You may be asking: Will this restorative approach work for rods, the cells that provide night and peripheral vision, or other diseases, such as retinitis pigmentosa (RP)? Can photoreceptor deconstruction and regeneration be a new cross-cutting therapeutic approach?

While these are distinct possibilities, much more research is needed to determine CNTF's potential. Deconstructing a photoreceptor to resurrect it is still scientifically bold. Before we move this type of therapy into humans, we want to have a reasonable level of confidence that photoreceptors will be regenerated by the process. It is also important to demonstrate that cone restoration can last longer than it currently is.

Those of you who have been following Foundation-funded research may already be familiar with CNTF. It's the therapeutic protein delivered by Neurotech's encapsulated cell technology (ECT), a tiny implantable device the size of a pencil head. But the amount of protein diffused by the ECT is a relatively low dose that is thought to be only protective; it isn't enough for cone destruction and regeneration.

Results from clinical trials of ECT suggested that it was slowing vision loss for people with dry age-related macular degeneration. It also appeared to have a beneficial effect on retinal health for people with inherited retinal diseases such as RP and Usher syndrome.

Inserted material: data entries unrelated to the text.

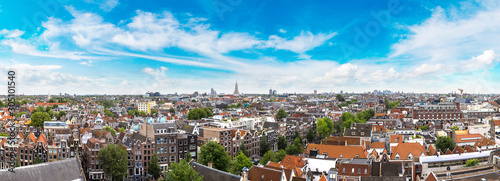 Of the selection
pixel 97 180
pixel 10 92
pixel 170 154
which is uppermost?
pixel 10 92

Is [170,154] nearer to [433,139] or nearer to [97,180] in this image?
[97,180]

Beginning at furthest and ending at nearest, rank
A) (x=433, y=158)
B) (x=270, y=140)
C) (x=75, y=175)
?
(x=270, y=140) → (x=433, y=158) → (x=75, y=175)

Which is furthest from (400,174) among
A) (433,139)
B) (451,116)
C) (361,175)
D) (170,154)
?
(451,116)

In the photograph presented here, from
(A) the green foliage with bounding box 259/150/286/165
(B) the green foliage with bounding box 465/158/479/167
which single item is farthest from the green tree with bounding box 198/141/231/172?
(B) the green foliage with bounding box 465/158/479/167

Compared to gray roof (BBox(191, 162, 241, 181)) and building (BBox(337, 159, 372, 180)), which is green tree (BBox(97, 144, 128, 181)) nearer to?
gray roof (BBox(191, 162, 241, 181))

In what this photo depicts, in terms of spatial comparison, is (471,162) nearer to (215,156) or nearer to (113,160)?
(215,156) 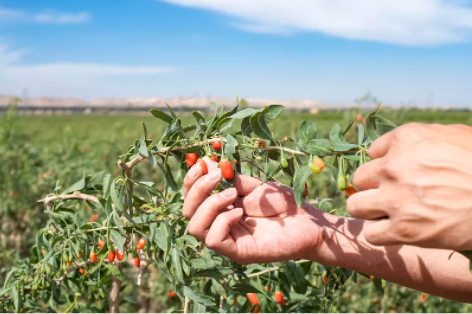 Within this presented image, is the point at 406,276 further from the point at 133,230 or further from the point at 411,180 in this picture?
the point at 133,230

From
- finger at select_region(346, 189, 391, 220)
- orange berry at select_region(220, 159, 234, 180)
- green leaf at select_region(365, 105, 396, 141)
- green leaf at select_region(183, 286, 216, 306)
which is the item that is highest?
green leaf at select_region(365, 105, 396, 141)

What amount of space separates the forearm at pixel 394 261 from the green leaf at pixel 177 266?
45cm

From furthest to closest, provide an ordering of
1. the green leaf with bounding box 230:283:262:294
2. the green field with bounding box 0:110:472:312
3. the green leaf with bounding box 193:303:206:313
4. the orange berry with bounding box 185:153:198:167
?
the green field with bounding box 0:110:472:312 → the green leaf with bounding box 230:283:262:294 → the green leaf with bounding box 193:303:206:313 → the orange berry with bounding box 185:153:198:167

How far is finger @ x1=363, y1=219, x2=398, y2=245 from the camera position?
958mm

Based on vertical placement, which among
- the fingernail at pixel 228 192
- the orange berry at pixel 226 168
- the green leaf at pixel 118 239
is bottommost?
the green leaf at pixel 118 239

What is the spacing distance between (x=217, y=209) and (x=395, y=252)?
683mm

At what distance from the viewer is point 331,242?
4.92ft

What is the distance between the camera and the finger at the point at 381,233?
96 centimetres

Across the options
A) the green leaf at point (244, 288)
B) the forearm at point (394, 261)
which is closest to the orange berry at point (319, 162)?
the forearm at point (394, 261)

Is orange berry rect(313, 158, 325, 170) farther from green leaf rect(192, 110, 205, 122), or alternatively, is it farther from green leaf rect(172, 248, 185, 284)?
green leaf rect(172, 248, 185, 284)

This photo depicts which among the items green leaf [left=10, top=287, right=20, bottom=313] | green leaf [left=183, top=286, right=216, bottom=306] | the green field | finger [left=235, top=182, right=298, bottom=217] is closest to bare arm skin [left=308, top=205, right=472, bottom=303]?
finger [left=235, top=182, right=298, bottom=217]

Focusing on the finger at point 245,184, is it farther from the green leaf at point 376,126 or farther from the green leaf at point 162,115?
the green leaf at point 376,126

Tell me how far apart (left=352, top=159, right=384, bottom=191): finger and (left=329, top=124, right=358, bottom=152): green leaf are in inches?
4.8

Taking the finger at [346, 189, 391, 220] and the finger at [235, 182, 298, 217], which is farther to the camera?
the finger at [235, 182, 298, 217] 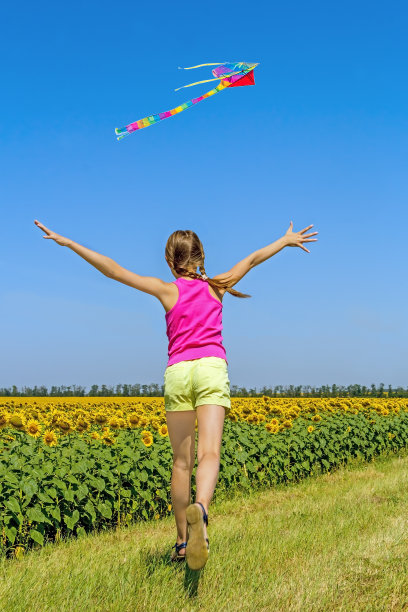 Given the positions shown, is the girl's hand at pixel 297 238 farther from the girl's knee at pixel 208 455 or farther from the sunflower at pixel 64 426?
the sunflower at pixel 64 426

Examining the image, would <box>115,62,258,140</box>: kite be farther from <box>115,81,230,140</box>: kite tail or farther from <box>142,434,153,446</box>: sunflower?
<box>142,434,153,446</box>: sunflower

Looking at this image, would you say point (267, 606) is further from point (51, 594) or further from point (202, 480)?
point (51, 594)

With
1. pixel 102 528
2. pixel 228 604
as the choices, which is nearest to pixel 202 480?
pixel 228 604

Human studies of ECT continue. The Foundation is funding an imaging study of ECT at the University of California, San Francisco, to better understand its true potential for saving cones and vision. The National Eye Institute is also conducting an ECT clinical trial, interestingly enough, for people with achromatopsia, but as a protective therapy.

As I've said in previous blog posts, science is always full of surprises, and CNTF is a prime example. Its potential applications — in both low and high doses — are very intriguing.

One final observation: Whoever came up with the adage, "You can't teach an old dog new tricks," never met a researcher funded by the Foundation.